Stephen Hawking may be the greatest working mind in science, but he apparently never plumbed the depths of What's The Story (Morning Glory)? like his metaphysical life depended on it. I mastered that territory in my mid-teens.

That's also when I started to fundamentally question everything I thought I believed about life, love, faith, reality. I blame my 10th grade English teacher, Franz Kafka and girls.

A few years after college, I began working in professional youth ministry and felt compelled to skip a lot of steps and harmful tropes I'd been exposed to and influenced by in those heady "we hate Clinton" days. On Sunday mornings and afternoons, I talked to students about Barthian theology (I'm sure I called it something different), social justice and the futility of being what they presciently dubbed a "hell monkey," that is, someone who tries to prop up Christianity with appeals to the fear of Hell with a capital H. (I think some of the boys had just seen Fight Club, and the "you are not your khakis, space monkey" thing hit home.) So when I say, "Hey, Stephen, I love your righteous mind, but as far as there being no heaven, friend, go and tell it to the man who lives in hell," I don't mean, "Go and tell it to the man who's on fire for eternity." Rob Bell alert: I don't actually believe there's a place of eternal, conscious torment. I just don't. Do you? Do you really? Even if you do, I bet you wish you didn't, and I don't say that with any particular relish.

When I heard that Dr. Hawking thinks there ain't no heaven, my first thought was: In other news, it's been confirmed that the Pope, is, indeed, Catholic. My second thought? Oasis quote! "Go and tell it to the man who lives in hell, good sir." Go and tell it to the woman who's been to hell and back, friend. Go and tell it to the gent who knows there's a heaven like he knows he's in hell now. Maybe I do mean that heaven is a place like I'm saying hell isn't, or maybe I mean heaven is Reality as such. In other words, that God is Reality, the grounding of our being, and that there's a surprising narrative arc to the story of history and to our personal stories.
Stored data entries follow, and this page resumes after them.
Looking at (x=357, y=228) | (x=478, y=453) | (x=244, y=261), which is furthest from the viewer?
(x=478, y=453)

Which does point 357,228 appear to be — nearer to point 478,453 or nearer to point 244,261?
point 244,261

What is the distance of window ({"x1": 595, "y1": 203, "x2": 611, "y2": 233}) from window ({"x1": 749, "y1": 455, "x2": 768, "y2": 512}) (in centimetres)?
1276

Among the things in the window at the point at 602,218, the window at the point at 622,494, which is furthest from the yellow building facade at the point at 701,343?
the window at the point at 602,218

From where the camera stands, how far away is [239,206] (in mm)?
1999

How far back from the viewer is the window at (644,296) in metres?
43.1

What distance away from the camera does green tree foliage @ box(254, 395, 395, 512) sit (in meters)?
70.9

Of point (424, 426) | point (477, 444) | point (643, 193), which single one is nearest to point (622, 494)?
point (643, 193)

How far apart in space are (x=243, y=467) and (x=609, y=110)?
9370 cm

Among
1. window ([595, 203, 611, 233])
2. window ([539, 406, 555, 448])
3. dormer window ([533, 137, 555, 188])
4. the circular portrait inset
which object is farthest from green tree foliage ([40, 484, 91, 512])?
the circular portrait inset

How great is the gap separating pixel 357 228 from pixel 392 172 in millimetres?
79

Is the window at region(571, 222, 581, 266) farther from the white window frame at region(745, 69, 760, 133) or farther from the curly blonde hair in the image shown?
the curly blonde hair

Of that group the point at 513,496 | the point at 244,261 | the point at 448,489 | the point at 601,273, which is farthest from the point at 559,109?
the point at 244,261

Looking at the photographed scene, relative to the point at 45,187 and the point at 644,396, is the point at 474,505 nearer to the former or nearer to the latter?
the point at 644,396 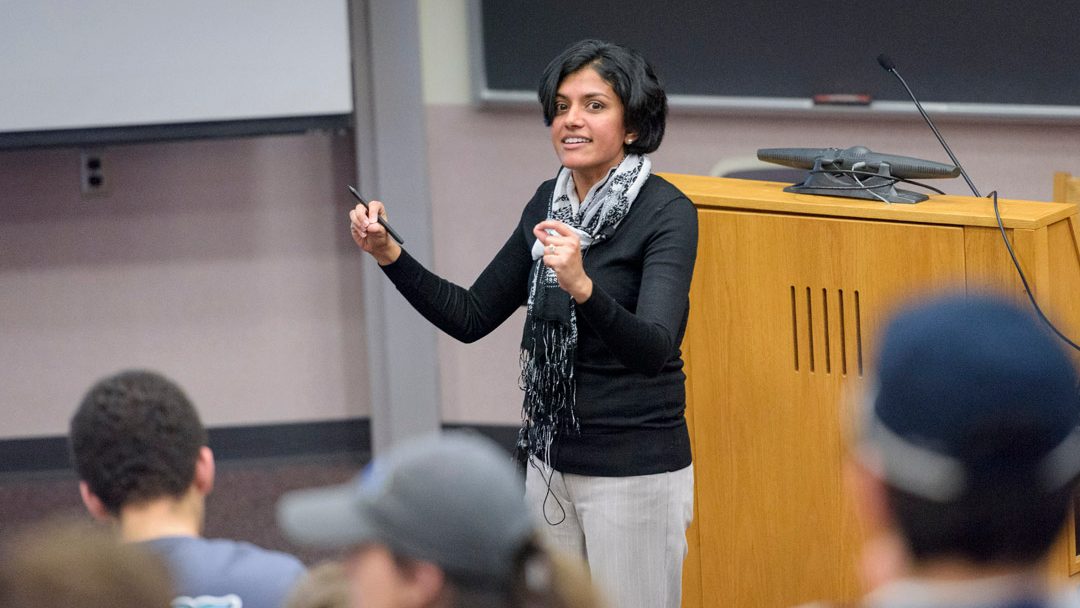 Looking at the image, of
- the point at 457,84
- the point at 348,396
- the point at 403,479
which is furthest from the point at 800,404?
the point at 348,396

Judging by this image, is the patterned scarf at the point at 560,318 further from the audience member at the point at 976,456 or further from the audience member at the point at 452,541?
the audience member at the point at 976,456

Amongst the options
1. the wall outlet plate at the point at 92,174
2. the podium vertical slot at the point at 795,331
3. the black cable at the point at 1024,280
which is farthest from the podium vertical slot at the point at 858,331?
the wall outlet plate at the point at 92,174

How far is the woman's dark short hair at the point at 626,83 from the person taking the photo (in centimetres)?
239

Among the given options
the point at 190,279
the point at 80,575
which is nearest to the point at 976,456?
the point at 80,575

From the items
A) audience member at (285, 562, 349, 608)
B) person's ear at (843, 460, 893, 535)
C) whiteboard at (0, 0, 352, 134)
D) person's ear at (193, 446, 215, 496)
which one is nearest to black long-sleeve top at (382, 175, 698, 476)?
person's ear at (193, 446, 215, 496)

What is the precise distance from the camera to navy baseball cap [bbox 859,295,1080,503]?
959 millimetres

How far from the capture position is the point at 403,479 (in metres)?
1.26

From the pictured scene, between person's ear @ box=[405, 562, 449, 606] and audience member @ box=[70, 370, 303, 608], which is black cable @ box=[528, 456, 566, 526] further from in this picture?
person's ear @ box=[405, 562, 449, 606]

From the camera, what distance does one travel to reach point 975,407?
96cm

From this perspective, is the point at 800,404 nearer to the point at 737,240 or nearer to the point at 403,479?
the point at 737,240

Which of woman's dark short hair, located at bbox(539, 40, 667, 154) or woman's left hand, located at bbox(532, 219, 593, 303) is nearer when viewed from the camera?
woman's left hand, located at bbox(532, 219, 593, 303)

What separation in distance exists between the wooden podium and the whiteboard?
7.02ft

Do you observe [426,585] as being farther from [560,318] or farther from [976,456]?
[560,318]

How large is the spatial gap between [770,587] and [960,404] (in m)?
1.86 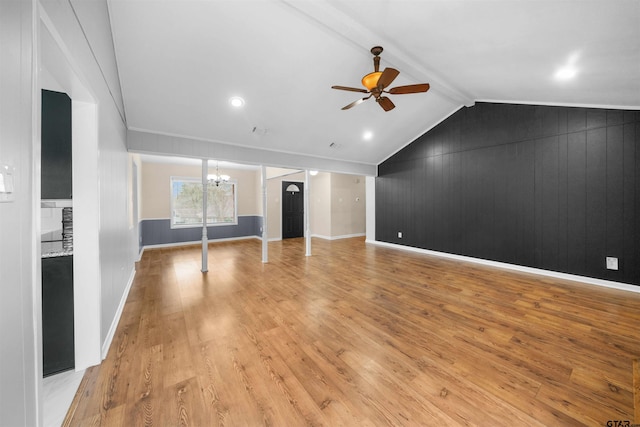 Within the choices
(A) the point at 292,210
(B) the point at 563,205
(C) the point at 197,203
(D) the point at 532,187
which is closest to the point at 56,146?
(C) the point at 197,203

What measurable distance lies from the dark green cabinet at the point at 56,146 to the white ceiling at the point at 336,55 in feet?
3.70

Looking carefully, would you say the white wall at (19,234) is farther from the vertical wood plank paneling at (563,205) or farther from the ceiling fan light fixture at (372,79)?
the vertical wood plank paneling at (563,205)

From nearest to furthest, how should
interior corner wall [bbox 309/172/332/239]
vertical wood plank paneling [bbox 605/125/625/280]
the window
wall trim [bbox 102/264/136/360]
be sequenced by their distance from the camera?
wall trim [bbox 102/264/136/360] → vertical wood plank paneling [bbox 605/125/625/280] → the window → interior corner wall [bbox 309/172/332/239]

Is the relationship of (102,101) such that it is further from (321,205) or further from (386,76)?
(321,205)

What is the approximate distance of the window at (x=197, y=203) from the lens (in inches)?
282

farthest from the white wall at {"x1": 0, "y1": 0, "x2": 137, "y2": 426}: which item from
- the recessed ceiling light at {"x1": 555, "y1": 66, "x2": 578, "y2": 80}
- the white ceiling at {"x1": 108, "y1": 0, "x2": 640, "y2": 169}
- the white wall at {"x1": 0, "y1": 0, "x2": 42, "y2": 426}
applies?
the recessed ceiling light at {"x1": 555, "y1": 66, "x2": 578, "y2": 80}

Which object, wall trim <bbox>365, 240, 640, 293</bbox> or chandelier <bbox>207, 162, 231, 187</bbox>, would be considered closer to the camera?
wall trim <bbox>365, 240, 640, 293</bbox>

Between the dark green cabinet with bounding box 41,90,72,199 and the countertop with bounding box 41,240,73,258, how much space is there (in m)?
0.37

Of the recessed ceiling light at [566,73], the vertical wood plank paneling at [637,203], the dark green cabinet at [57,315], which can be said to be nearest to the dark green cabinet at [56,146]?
the dark green cabinet at [57,315]

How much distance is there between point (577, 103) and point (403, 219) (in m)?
3.77

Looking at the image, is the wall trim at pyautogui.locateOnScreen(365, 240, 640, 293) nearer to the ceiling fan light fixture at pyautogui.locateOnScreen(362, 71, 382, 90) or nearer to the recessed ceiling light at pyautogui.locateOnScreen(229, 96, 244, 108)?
the ceiling fan light fixture at pyautogui.locateOnScreen(362, 71, 382, 90)

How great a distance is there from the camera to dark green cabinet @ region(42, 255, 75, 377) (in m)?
1.75

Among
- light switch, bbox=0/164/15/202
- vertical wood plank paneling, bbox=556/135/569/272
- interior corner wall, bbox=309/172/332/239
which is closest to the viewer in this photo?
light switch, bbox=0/164/15/202

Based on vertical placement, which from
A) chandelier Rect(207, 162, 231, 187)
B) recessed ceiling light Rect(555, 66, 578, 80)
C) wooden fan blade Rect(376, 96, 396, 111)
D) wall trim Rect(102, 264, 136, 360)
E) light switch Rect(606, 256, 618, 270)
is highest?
recessed ceiling light Rect(555, 66, 578, 80) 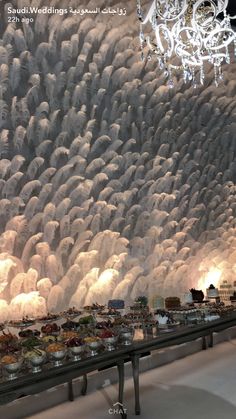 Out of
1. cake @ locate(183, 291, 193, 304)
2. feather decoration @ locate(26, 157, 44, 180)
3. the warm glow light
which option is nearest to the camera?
feather decoration @ locate(26, 157, 44, 180)

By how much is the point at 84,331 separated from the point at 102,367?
36 cm

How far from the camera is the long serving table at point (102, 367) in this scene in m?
3.05

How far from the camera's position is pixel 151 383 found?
15.9 ft

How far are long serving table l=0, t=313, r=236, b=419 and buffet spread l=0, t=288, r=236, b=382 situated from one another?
56 mm

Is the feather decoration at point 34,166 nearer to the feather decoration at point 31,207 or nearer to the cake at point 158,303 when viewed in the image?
the feather decoration at point 31,207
I can't say I'd be upset to find out I'm wrong about all of this. I'd never know, of course. But it strikes me that heaven is the opposite of not knowing, a state of spirit, union, reality, what have you, where we may know fully, even as we are fully known. That's my hunch, anyway.

Hawking said heaven's a fairy tale for people afraid of the dark, and that passes the muster of "Everything I've Been Told About Reality is Totally Wrong 101," but I expect something a little less glib from a mind like his. And anyway, I hope for heaven -- but not because I'm scared of the dark. That's just silly. When kids are scared of the dark, it's because of what they imagine is creeping around in it, not because they sense the impending dread of annihilation. In fact, kids don't get scared of the dark until someone tells them they should be, long after they've established skills like object permanence by which they understand that things don't disappear when the lights go off.

The good professor's recent "there's no heaven" moment of "Imagine"-esque aplomb is what it is. It's not really news, any more than it was news when the USSR said Yuri Gagarin didn't find God in low orbit. We're talking about physical apples and spiritual oranges. An entirely materialistic cosmology amazes and enthralls me. The vast expanse of the universe does things to my soul I can't explain. Maybe that's akin to some innate fear of heights, maybe there's an evolutionary edge to feeling things like awe, epiphany, transcendence. And maybe heaven is in these details even as I don't expect the Hubble to send back any pictures of the Holy City coming down. Even as I don't expect pristine, cogent metaphysics from the leading scientific minds of history.

I'm one of those saps who's always been interested in the theory of The Thing In Itself. My impulse to sit and appreciate a moment, a painting, a puddle, a record, to find some unifying string in all of it or even to appreciate it for what it is, well, this borders, at times, on obsessive compulsion. Maybe so, maybe so. Maybe we're only talking about chemicals. In my silly, time-bound mind, I have to wonder, though, who the hell put them there. And why.